Los ojos azules del encargado expresan interés, diría que anhela la denuncia. Maltratada, humillada. Las palabras llegan de la mano de la mujer decolorada de mirada húmeda y suplicante, nos vinculan. Dos desconocidas unidas durante unos pocos minutos, o bien durante los días, semanas o meses de un proceso judicial.
—No, no denunciaré. Ya ha pasado. Da igual.
Esas palabras escogidas al azar, sin embargo, me iluminan. Retomaré mis planes. Llego a la cena con poco retraso. Mis amigos están en la terraza, a algunos les ciegan los últimos rayos de sol obligándoles a entrecerrar los ojos, a interponer la mano delante de la vista a modo de visera. Mario me ha reservado asiento a su lado al abrigo de la insidiosa luz.
—Algunos no querían que te guardara el sitio, ¿sabes? Que cuando llegaras ya se habría ido el sol, decían. He tenido que amenazarles —afirma empuñando el tenedor.
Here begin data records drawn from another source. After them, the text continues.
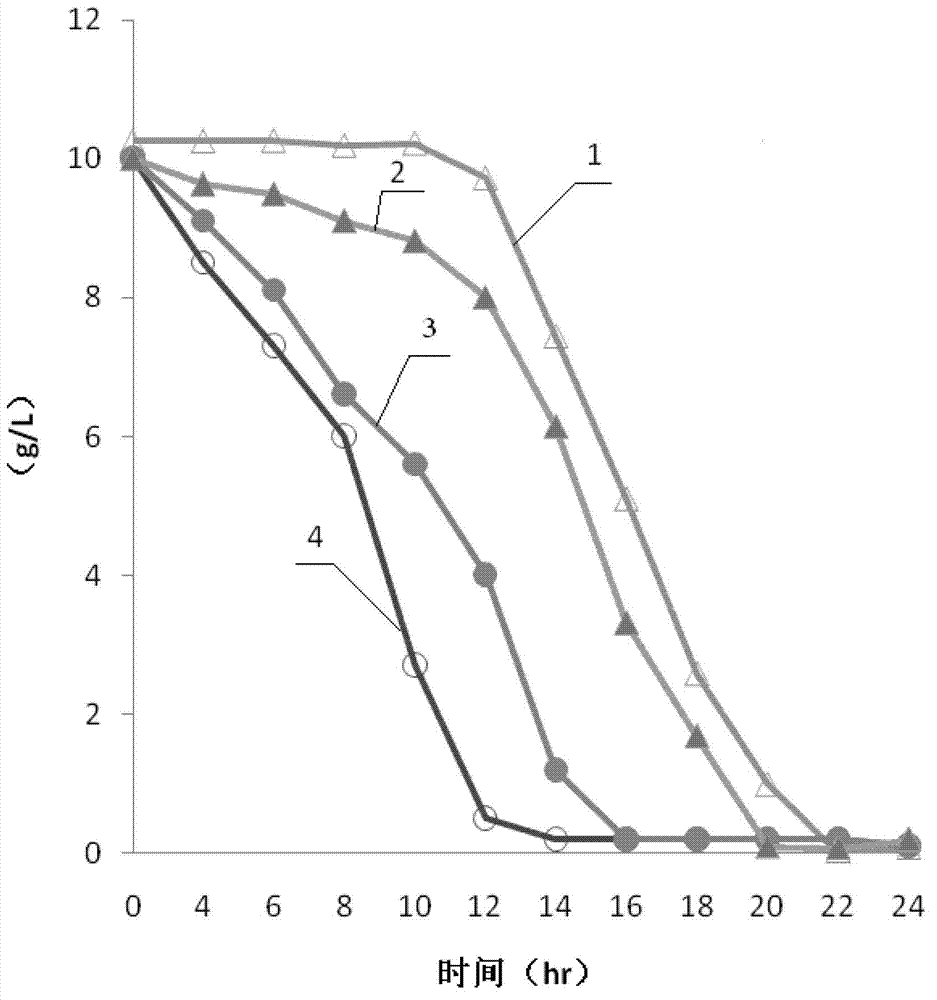 Bacterium for fermenting L-tryptophan from mixed saccharum and fermentation method thereof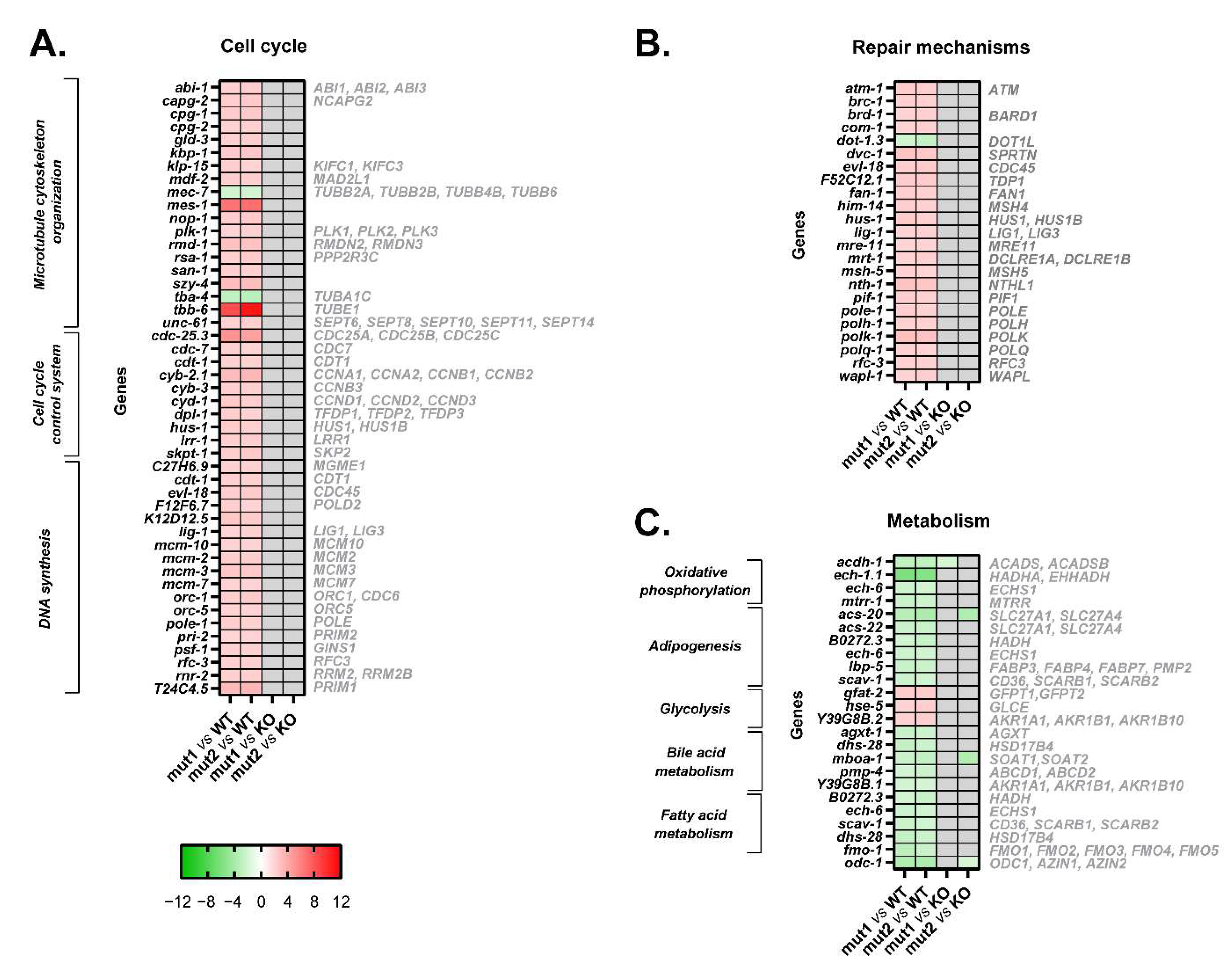 Cells 12 00186 g005 Cells 12 00186 g005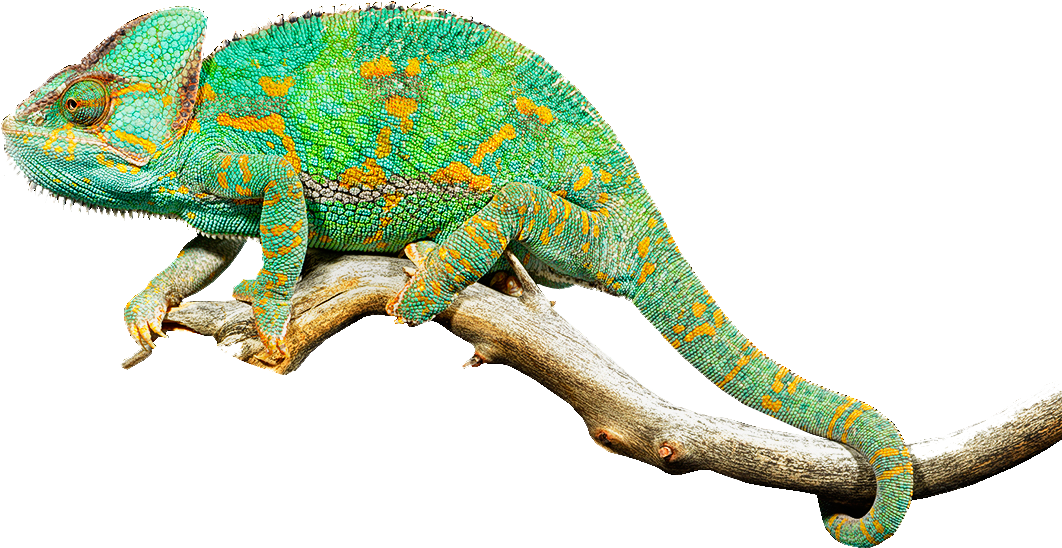 Living Museum Exclusively Featuring Reptiles, Amphibians - Imagenes De Reptiles Png (1076x576), Png Download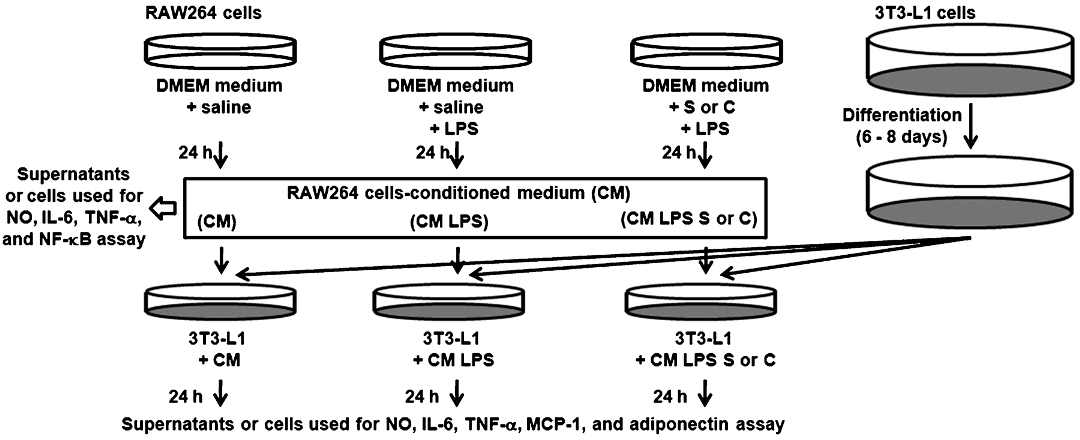 Experimental protocol. CM, unstimulated RAW264 cells-conditioned medium; CM LPS, LPS-stimulated RAW264 cells-conditioned medium; CM LPS S, SoSoSo-pretreated and LPS-stimulated RAW264 cells-conditioned medium; CM LPS C, chrysophanol-pretreated and LPS-stimulated RAW264 cells-conditioned medium.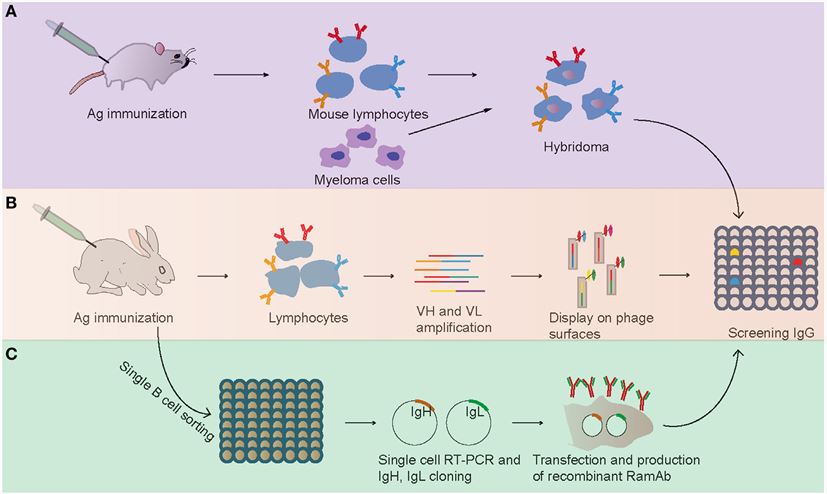 Flowchart summarizing the generation of antigen-specific monoclonal antibodies.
Ríe. Todos ríen. Esa silla debería halagarme en lugar de incomodarme, pero lo cierto es que, la única a resguardo de la luz cegadora, me esperaba. Intento recordar en qué momento me sentí atraída por Mario y por qué, aparto la silla hacia la zona soleada para reconstruirlo. Me mira sorprendido. Voy a pronunciar una excusa, pero decido que no. Tampoco voy a contar lo del supermercado. Si lo hecho fue lo correcto puede que no me lo haya repetido lo bastante.